Arabella McKenzie
- Born: 1 March 1999 (age 27)
- Height: 1.71 m (5 ft 7 in)
- Weight: 80 kg (12 st 8 lb)

Rugby union career
- Position(s): Fullback, Fly-half, Inside Centre

Super Rugby
- Years: Team / Apps / (Points)
- 2019–21: Waratahs /  / (0)
- 2022: Matatū / 3 / (0)
- 2023–25: Waratahs /  / (0)

International career
- Years: Team / Apps / (Points)
- 2019–25: Australia / 24 / (46)
- Rugby league career

Playing information
- Position: Fullback, Halfback, Centre
Club
| Years | Team | Pld | T | G | FG | P |
| 2026– | St. George Illawarra Dragons | 0 | 0 | 0 | 0 | 0 |
- As of 11 May 2026

= Arabella McKenzie =

Australian rugby union & league player

Arabella McKenzie (born 1 March 1999) is an Australian rugby league & rugby union player.
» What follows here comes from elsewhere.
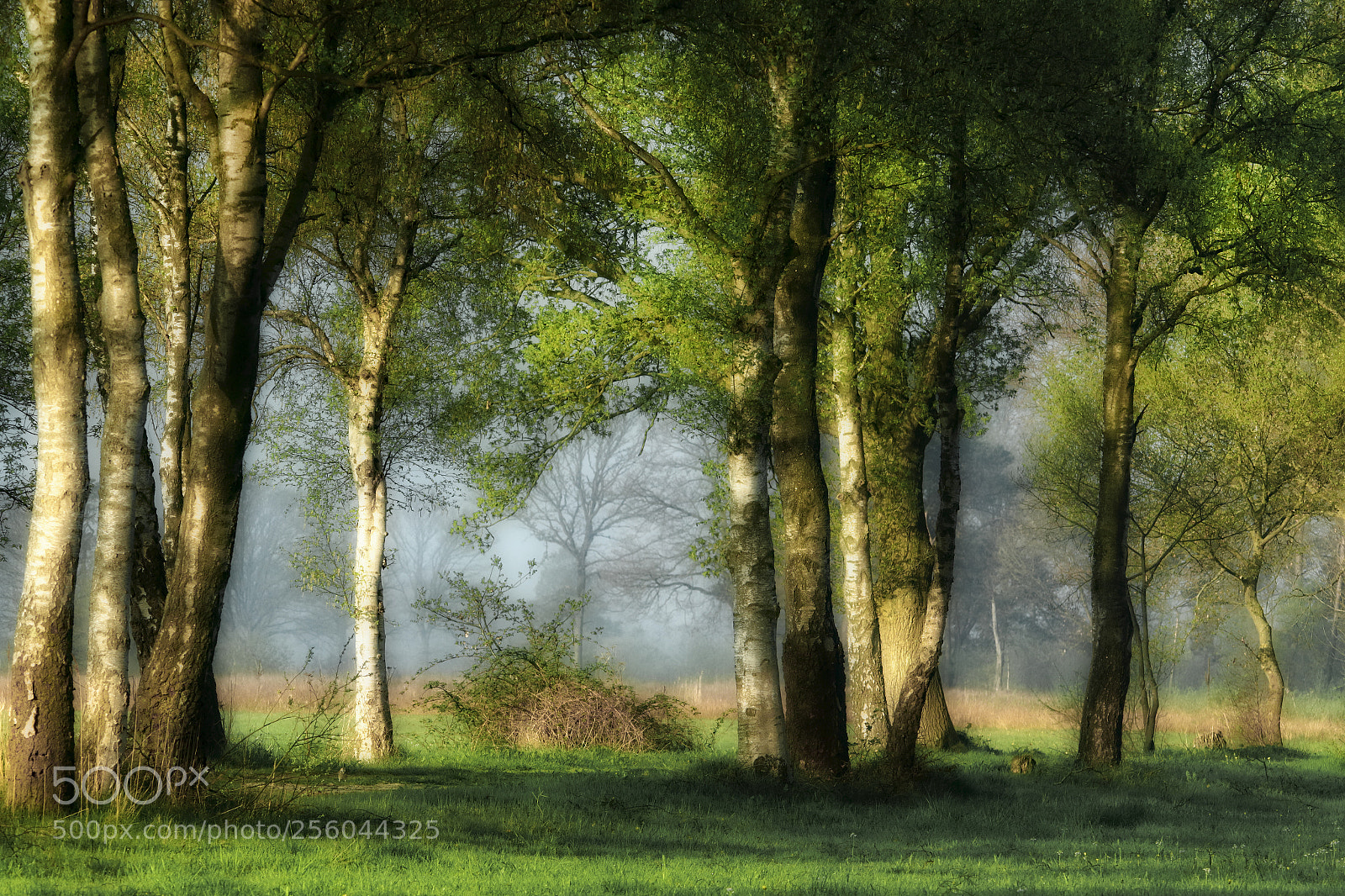 Canon EOS 7D Mark II sample photo. Morning at the swamp photography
She has represented Australia at an international level and competed at the delayed 2021 Rugby World Cup in New Zealand.

== Early life ==
McKenzie grew up in Lightning Ridge, New South Wales, a small outback town roughly 700 km northwest of Sydney. She completed her secondary education as a boarder at Frensham, Mittagong. According to ESPN journalist Brittany Mitchell, "McKenzie grew up with the Steeden in her hands as opposed to the Gilbert", referring to the fact that she was "a rugby league fan from a young age who dreamed of playing for the St. George Dragons." She was inspired to switch to union after watching TV coverage of the Australia women's sevens team's gold-medal run at the 2016 Summer Olympics.

== Rugby career ==

=== 2017–19 ===
McKenzie represented Australia at the 2017 Commonwealth Youth Games in Nassau, Bahamas, less than a year after she switched her focus from league to union. Australia won the gold medal final in rugby sevens against Canada.
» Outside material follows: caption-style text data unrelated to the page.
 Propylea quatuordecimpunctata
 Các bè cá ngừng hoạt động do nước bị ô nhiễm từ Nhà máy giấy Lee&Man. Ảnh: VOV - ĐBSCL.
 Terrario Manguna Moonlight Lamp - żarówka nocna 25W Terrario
McKenzie made her debut for the Waratahs in the 2019 Super W season. She then made her international debut for Australia against Japan in 2019.

=== 2021–22 ===
McKenzie was named Super W Player of the Year at the 2021 NSW Waratahs Awards. She contributed to the Waratahs fourth straight Super W Title in 2021, after scoring a total of 15 points in the final against the Queensland Reds. She was named Player of the final.
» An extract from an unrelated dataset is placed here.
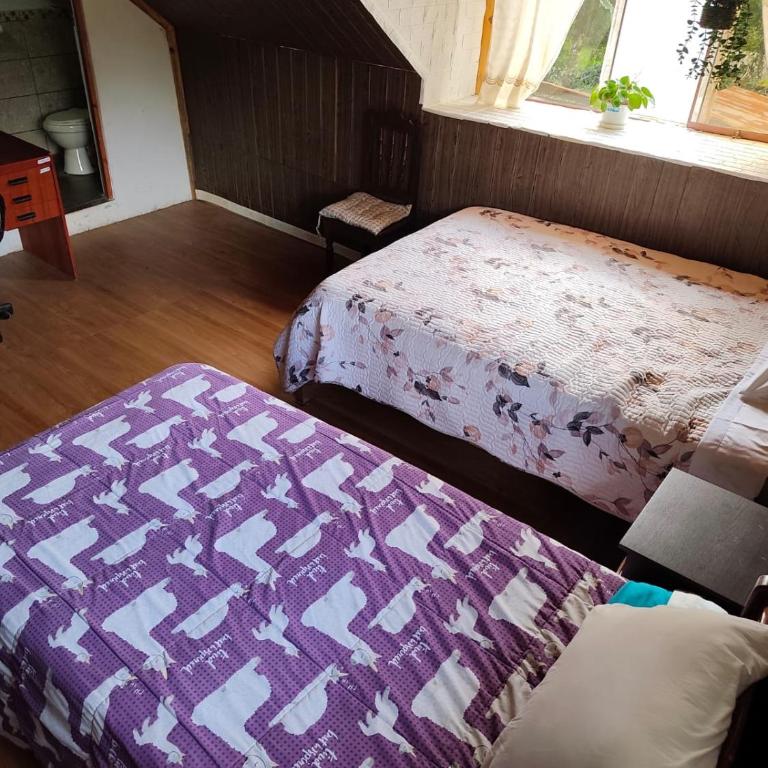 Yanesh Haus habitaciones Oxapampa - Family Room with Garden View - 1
At the end of 2021, McKenzie signed with Matatū for the inaugural season of Super Rugby Aupiki in 2022.

McKenzie was named in Australia's squad for the 2022 Pacific Four Series in New Zealand. She was once again named in the Wallaroos squad for a two-test series against the Black Ferns at the Laurie O'Reilly Cup. She also made the team for the delayed 2022 Rugby World Cup in New Zealand.

=== 2023 ===
McKenzie made the Wallaroos side for the 2023 Pacific Four Series, and the O'Reilly Cup.

===2026===
On 28 January 2026 she signed for St. George Illawarra Dragons on a one-year deal

==Personal life==
McKenzie served as a care worker for What Ability, an Australian disabilities service that uses sportspeople in that role, from 2020 until leaving for New Zealand to play in the inaugural 2022 season of Super Rugby Aupiki. During this time, she worked with a severely autistic man near her age in Sydney, and according to a 2022 ESPN interview, now considers him and his family to be "kind of like my second family down here in Sydney", even having his name of Sammy tattooed on her. In that same interview, she added, "He's just taught me so much about myself. He doesn't know who I am or what's going on and his level of autism is pretty severe, so it's just cool to hang out with him and do fun things like go to the beach hangout, cafes, chill and he's just changed my perspective on life."